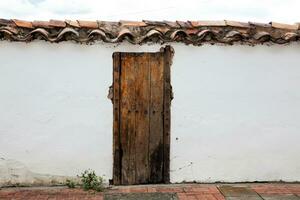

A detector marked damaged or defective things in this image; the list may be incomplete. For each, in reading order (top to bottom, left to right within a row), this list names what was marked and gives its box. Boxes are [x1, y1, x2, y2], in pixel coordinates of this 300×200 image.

damaged roof edge [0, 19, 300, 45]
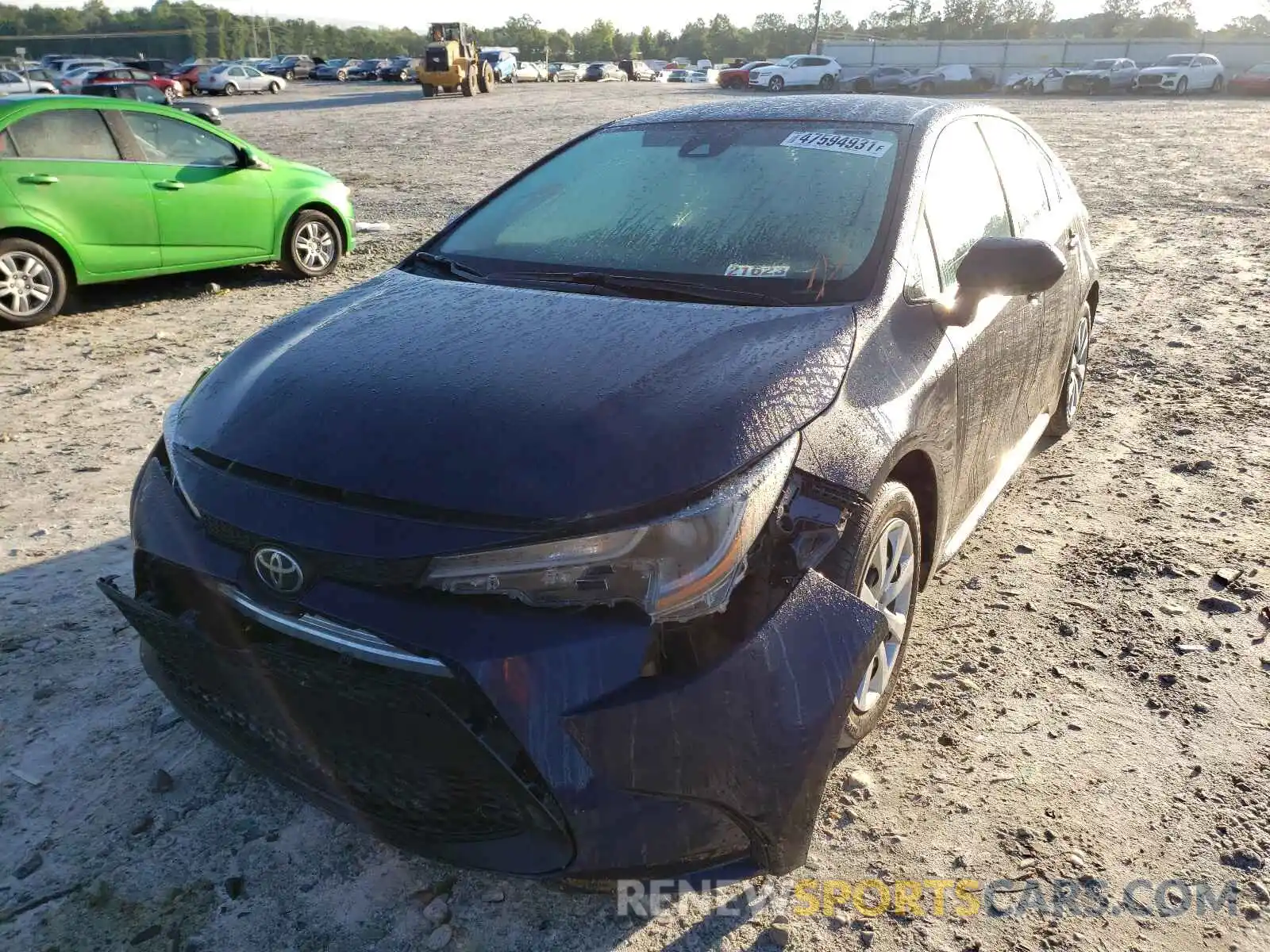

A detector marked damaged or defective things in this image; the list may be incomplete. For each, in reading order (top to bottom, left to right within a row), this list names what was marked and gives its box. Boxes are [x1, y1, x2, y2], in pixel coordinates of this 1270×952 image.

dented front bumper [102, 454, 883, 876]
damaged blue toyota corolla [99, 97, 1099, 876]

#### Required work
Everything from the line that contains "this 1270×952 image." through the end of the records must be duplicated exactly, and nothing outside that range.

#### Problem solution
A detector marked damaged or defective things in this image; the list may be incomplete. For each, in reading order (top to bottom, left to right within a row), this list names what was marked and gives its box. Boxes are [x1, y1, x2, y2], in pixel coordinates of this 1270×952 image.

dented front bumper [102, 454, 883, 876]
damaged blue toyota corolla [99, 97, 1099, 876]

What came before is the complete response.